We've seen this enough times to notice the pattern. A client comes in with a general idea — 'I need a website' or 'I want an app for my business' — and the assumption on both sides is that the details will sort themselves out during development. They don't. They become arguments about scope, requests for changes that weren't in the original plan, and eventually a product that doesn't quite match what anyone had in mind.
The clients we work best with come in differently. Not necessarily with a full specification — that's our job to figure out together — but with a clear answer to one question: what problem are you actually trying to solve?
That sounds obvious. It rarely is. 'I need a website' is not an answer to that question. 'Our clients can't find our pricing and keep calling us to ask' is. 'I want a CRM' is not an answer. 'My team is running operations across three spreadsheets and a WhatsApp group and we're losing track of things' is.

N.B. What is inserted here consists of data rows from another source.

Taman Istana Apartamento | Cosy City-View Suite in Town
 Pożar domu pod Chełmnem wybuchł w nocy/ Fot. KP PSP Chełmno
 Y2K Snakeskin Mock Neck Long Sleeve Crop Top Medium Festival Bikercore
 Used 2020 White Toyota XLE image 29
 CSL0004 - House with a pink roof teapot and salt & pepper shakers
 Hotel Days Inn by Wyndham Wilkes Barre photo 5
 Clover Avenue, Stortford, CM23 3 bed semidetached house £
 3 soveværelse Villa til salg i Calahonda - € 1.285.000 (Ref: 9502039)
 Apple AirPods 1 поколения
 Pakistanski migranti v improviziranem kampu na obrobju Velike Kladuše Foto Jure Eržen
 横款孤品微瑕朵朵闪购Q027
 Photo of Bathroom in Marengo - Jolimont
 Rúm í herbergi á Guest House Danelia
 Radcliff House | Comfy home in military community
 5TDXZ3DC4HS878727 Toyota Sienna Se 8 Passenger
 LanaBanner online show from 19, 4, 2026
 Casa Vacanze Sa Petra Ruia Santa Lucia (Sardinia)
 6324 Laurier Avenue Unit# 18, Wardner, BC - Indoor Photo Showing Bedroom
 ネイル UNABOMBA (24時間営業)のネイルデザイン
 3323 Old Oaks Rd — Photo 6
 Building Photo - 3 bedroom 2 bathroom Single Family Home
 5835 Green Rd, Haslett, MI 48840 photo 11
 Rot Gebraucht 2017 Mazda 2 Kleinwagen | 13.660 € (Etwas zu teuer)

The difference matters because it changes everything that comes after. When we know the actual problem, we can tell you whether the thing you're asking for will solve it — and sometimes it won't, and we'd rather tell you that before you pay for it than after.
A few things that make the first conversation genuinely useful:
- Know who uses it. Not "my customers" — describe a specific person. What are they trying to do, how often, on what device, in what context.
- Know what success looks like. Not "a good product" — what does it mean in practice for the thing to be working well six months after launch.
- Know what you don't want. Constraints and non-negotiables are often more useful than requirements. "It has to work offline" or "it cannot store payment data on our servers" tells us more than a list of features.
You don't need to know how to build it. That's genuinely our job. But the clearer you are about the problem, the better the thing we build together will be at solving it.